Review: Bolchazy-Carducci Publishers - September 27, 2005
On Old Age was the first ancient text in translation that publisher Benjamin Franklin chose for release in America. He was rightfully proud of his now much admired 1743 edition and anticipated, with his customary wry wit, that reading it would give pleasure:
‘I have, Gentle Reader, as thou seest, printed this Piece of Cicero’s in a large and fair Character, that those who begin to think on the Subject of OLD AGE, (which seldom happens till their Sight is somewhat impair’d by its Approaches) may not, in Reading, by the Pain small Letters give the Eyes, feel the Pleasure of the Mind in the least allayed.’
Franklin was not alone among American patriots in his praise of Cicero, about whom John Adams remarked: 'All ages of the world have not produced a greater statesman and philosopher combined.'
Cicero’s On Old Age speaks as directly to all of us today — those approaching old age as well as the younger — as it did to Franklin and Adams. Long considered one of Cicero’s most engaging, charming, and readable treatises, it quite simply transcends time. Cicero steps out of the persona of the “great man” and examines, with superlative clarity, the challenges all human beings must one day face.
Review by: Ladislaus Bolchazy, Bolchazy-Carducci Publishers - September 27, 2005
The relevance of Cicero’s On Old Age transcends time and a multiplicity of cultures. This masterpiece of antiquity examines, with superlative clarity, the challenging problems we must all face, individually, and as members of any society.
The paradox is obvious: we hope for old age simply because the alternative — premature death — is unacceptable to our species. Simultaneously, we dread old age because we believe, correctly or not, that it represents the threshold of extinction as well as a state of deprivation and debility - physical, mental, and sexual.
Cicero addresses this oppressive ambivalence as it applies to us as individual entities.

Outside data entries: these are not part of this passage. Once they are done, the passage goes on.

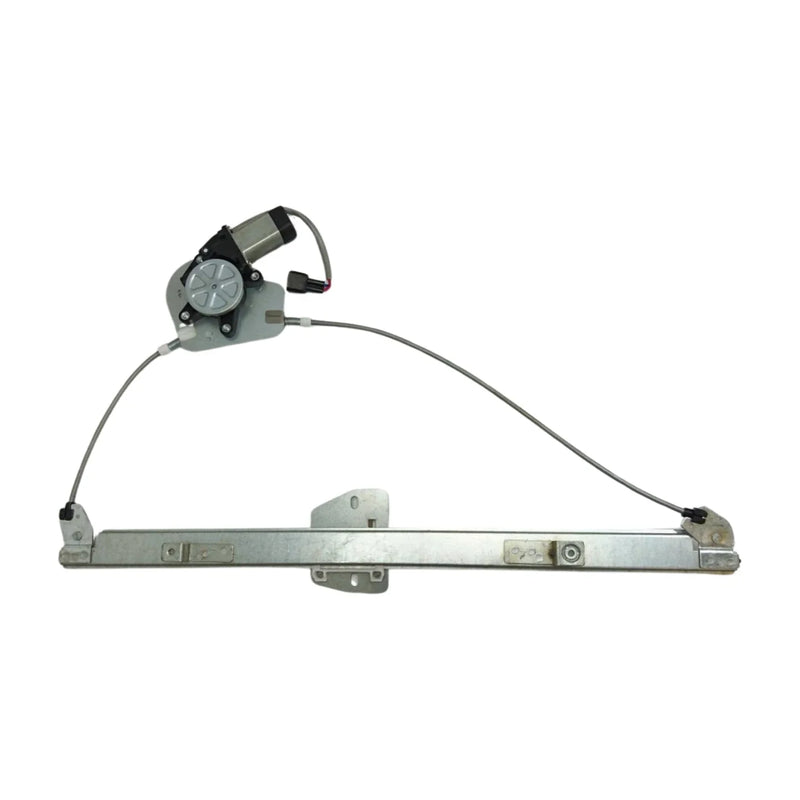 Iveco Daily Front Left Window Regulator with Motor (2006-2014)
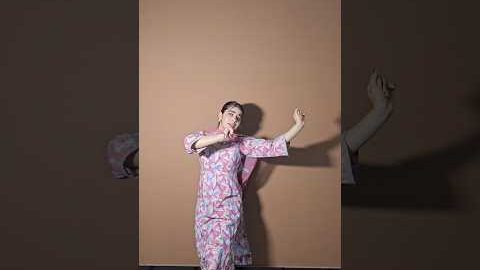 Ki Banu Duniya Da ||#new Punjabi Song Dance Video||#punjabisong||#sanjanabuttar|#gidha||#shorts||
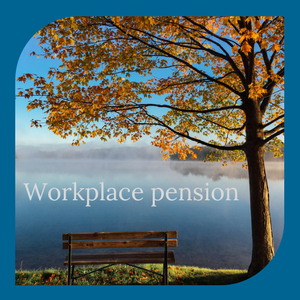 DakotaBlueHRConsulting_Blog_Kent_Workplace pension 1.png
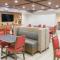 Holiday Inn Express Southington - Southington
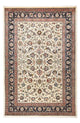 Mashhad Tapijt 299x196cm - Perzisch tapijt
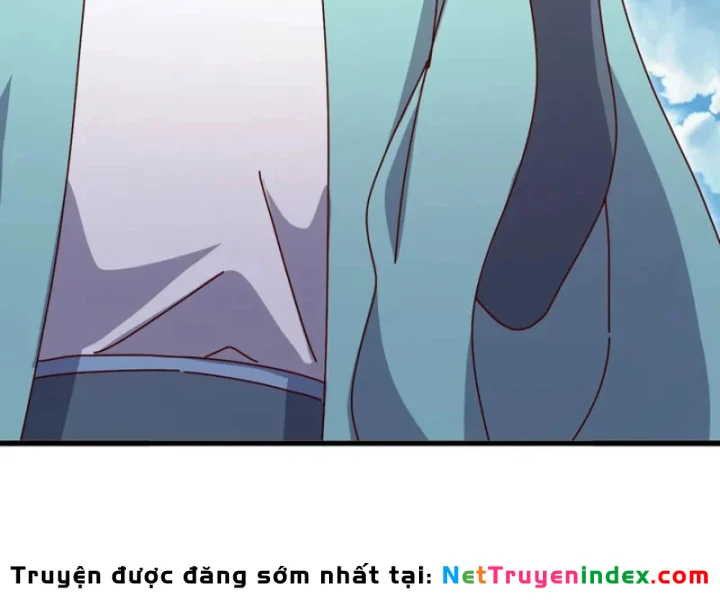 Tiên Võ Đế Tôn Chapter 901 - 47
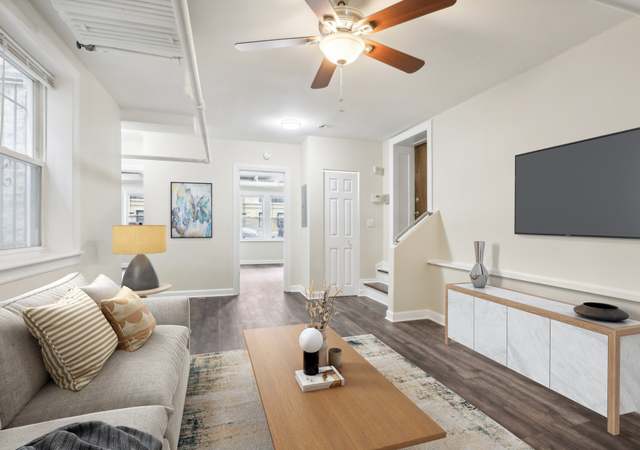 Photo of 6970 N Wolcott Ave Unit G, Chicago, IL 60626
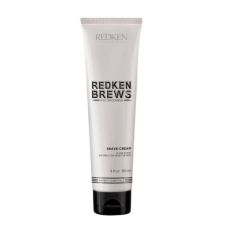Imagen de Redken Redken Brews Crema afeitar 150 ml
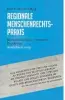  ??  ?? Josef Mautner (Hrsg.): „Regionale Menschenre­chtspraxis. Herausford­erungen – Antworten – Perspektiv­en“, 240 Seiten, 17 €, Verlag Mandelbaum.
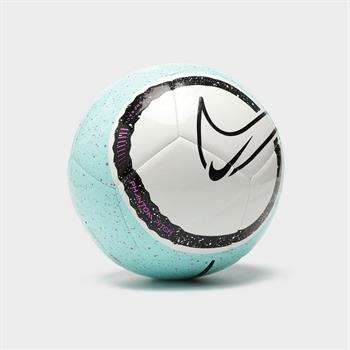 Nike Phantom HO23 Futbol Topu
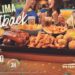‘É Clima de Outback’: maior campanha de futebol da história da marca chega a Porto Velho com rodízio, transmissões e novidades no delivery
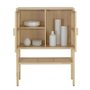 Buffet Sunpan Kezia - SU 108930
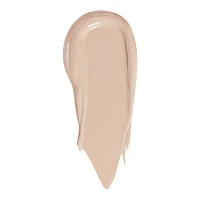 Ambient Soft Glow Foundation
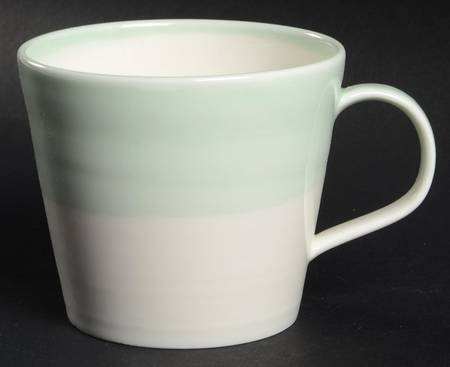 1815 Mug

On Old Age also speaks lucidly of the emotional contradictions inherent to the aspects of approaching old age and the sociological problems induced by this phenomenon. In our own society, its adverse aspects are manifested in controversial and contradictory laws: early retirement, for example, mandated for many resourceful and capable individuals, is diametrically opposed by the common-sense practice of encouraging our elders to assume and retain the highest positions in our society. At the same time, it is obvious that early retirement-enforced results in a reduction of productivity and a decrease in gross national product. As the working class is depleted by the increasing number of retirees, the burden of vastly expanded Social Security funding must be borne by fewer and fewer producers.
And finally, while we all hope to attain old age with its attendant comforts, we tolerate inhuman conditions in seniorcitizen nursing homes ... which lie in the future for many thousands of us.
So, Cicero’s On Old Age speaks directly to our times. Tolle, lege, therefore, with your students. Classicists who would choose to hide the light of this masterpiece under a bushel are taking an impassable route.
Your students will find Cicero’s On Old Age totally compatible with the humanistic views of contemporary society. Too, they will find this ancient masterwork relatively easy to read in the original-and completely charming.
This reprinted edition contains the Latin text and notes edited by Charles E. Bennett, first published as part of New Cicero in 1922. This reprint contains also vocabulary and a list of proper names. Bennett’s edition was chosen for this reprint because it was unanimously recommended by a number of classicists who were polled.